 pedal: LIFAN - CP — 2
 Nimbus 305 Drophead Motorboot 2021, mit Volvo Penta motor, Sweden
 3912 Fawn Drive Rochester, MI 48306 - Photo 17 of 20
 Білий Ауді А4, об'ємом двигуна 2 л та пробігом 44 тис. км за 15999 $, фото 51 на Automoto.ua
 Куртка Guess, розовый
==
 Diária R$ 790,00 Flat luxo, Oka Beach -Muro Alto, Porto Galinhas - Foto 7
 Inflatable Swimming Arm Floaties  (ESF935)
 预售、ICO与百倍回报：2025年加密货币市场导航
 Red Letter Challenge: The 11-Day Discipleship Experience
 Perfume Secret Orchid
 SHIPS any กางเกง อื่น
...
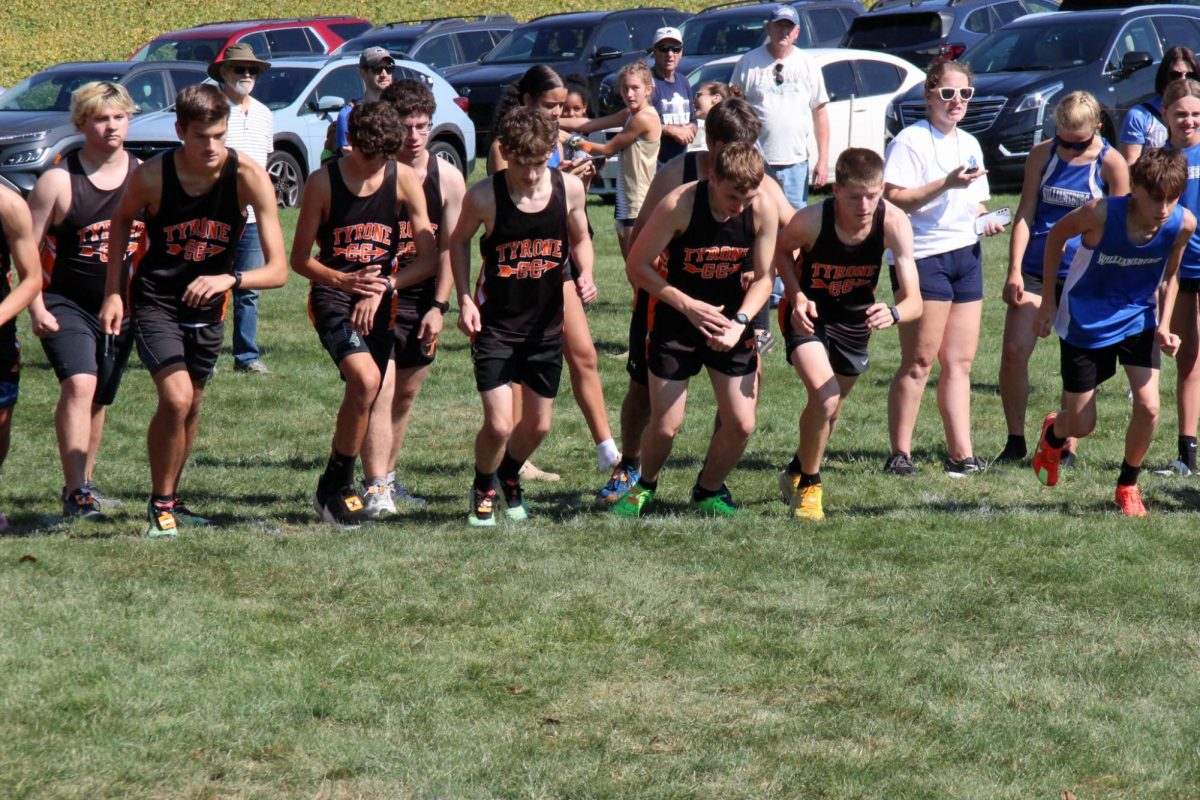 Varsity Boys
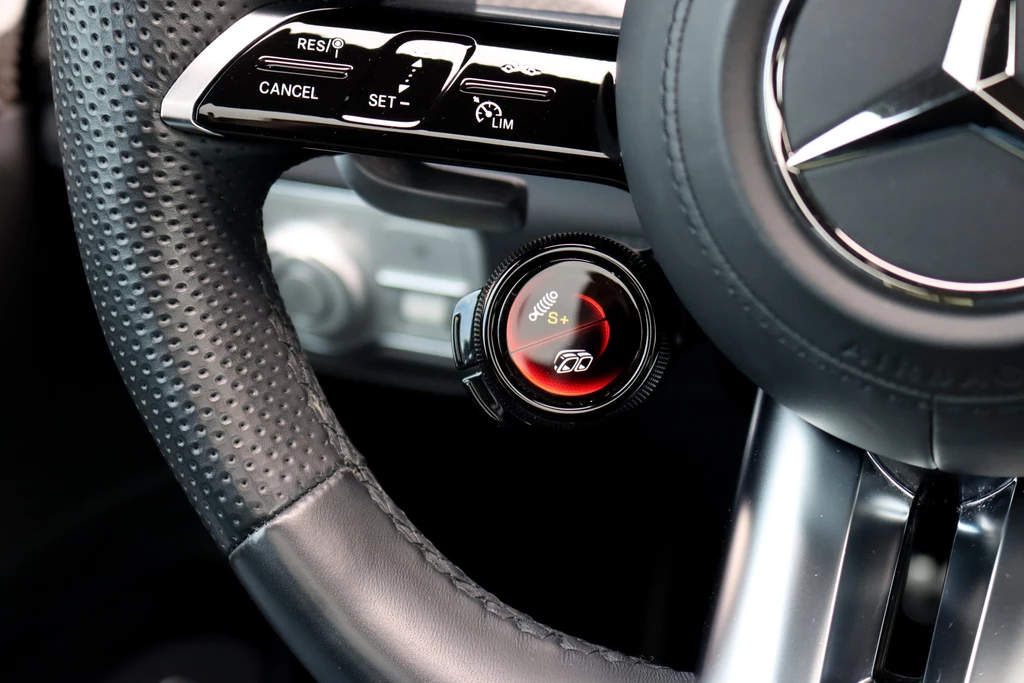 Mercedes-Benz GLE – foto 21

* _DIRECTIONS_:
The expected answer is an exact copy of the lines above, beginning at the line with "Inflatable Swimming Arm" and ending at the line with "SHIPS any กางเกง อื่น", with both ends in.

* _RESULT_:
 Inflatable Swimming Arm Floaties  (ESF935)
 预售、ICO与百倍回报：2025年加密货币市场导航
 Red Letter Challenge: The 11-Day Discipleship Experience
 Perfume Secret Orchid
 SHIPS any กางเกง อื่น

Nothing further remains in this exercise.